== Assignment ==
Answer with the exact lines of the following material from the one containing "Pérgola interior para" through the one containing "New Adrienne Vittadini", both end lines included.

== Provided material ==
*** Block opens ***
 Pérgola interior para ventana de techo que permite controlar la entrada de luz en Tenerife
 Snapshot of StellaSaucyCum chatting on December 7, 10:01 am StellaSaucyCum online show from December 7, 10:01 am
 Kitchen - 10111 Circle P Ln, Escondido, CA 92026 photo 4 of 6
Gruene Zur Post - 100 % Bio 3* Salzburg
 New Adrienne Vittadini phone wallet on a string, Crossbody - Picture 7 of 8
*** Block closes ***
*** Block opens ***
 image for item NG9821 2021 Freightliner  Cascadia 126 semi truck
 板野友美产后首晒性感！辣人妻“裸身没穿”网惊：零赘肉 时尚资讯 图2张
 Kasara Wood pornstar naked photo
*** Block closes ***
== Solution to this problem ==
 Pérgola interior para ventana de techo que permite controlar la entrada de luz en Tenerife
 Snapshot of StellaSaucyCum chatting on December 7, 10:01 am StellaSaucyCum online show from December 7, 10:01 am
 Kitchen - 10111 Circle P Ln, Escondido, CA 92026 photo 4 of 6
Gruene Zur Post - 100 % Bio 3* Salzburg
 New Adrienne Vittadini phone wallet on a string, Crossbody - Picture 7 of 8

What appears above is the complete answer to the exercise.